While on holiday (of course it would happen the first day away literally about 3 hrs after we left) my son rang and said his PC had partially died. He had turned it on for the first time in the day and heard a loud very audible click and then his PC black screened. He got back into his OS (Linux Mint) and desktop use was fine but firing up a game just crashed out. No smell of burning and no smoke. PC is as follows Gigabyte B550 motherboard (2nd hand from his friend) 5700X (2nd hand from his friend) 32gb DDR4 Corsair ram (new when built) Nvidia 4070 super (new when built) 2 WD 770 M2 SSD's (new when built) Additional M2 SSD in a pcie card (from old PC) Corsair 850E PSU (new when built) He does have the ability to dual boot windows but he couldn't remember how to do it at the time. Does this sound like hardware failure, probably PSU or GPU? I've given everything a quick visual check and cant see anything amiss. I have his 4070 out to test in my PC and can swap his PSU for my as both corsair but holding off first for advice here as obviously i don't want to kill anything in my PC.
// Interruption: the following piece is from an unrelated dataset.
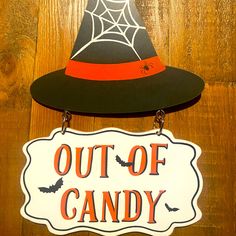 a sign that says out of candy with a witch's hat hanging from it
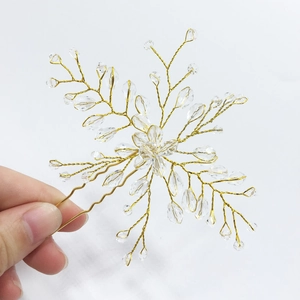 Detailed macro view of bridal crystal flower hair pin with gold wire weaving and clear beads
Old post - you still having issues? A loud click is often the PSU protecting itself with the hardware cut off due to a short circuit or bad PSU - worth swapping the PSU out if you can and trying again!
I meant to update this the other day. Ram tested and deemed good with a full me test cycle. 4070 super tested in my pc for a few games of BF6 and a few runs of unigine. Swapped my Corsair 850X for his 850e and problem still exists. One thing I forgot to mention is his bios settings never seems to be stored when the pc is turned off at the wall even with a brand new battery installed. Problem still exists when the bios settings are corrected though. I'm wondering if it might be a dicky drive, he has two nvme ssd's in the boards own slots and a further one in a pcie adaptor. He dual boots Linux mint and windows 10 with mint being on the pcie drive. I believe he had problems with both OS's, extremely poor FPS in games and laggy desktop in Linux and blue screening in win 10.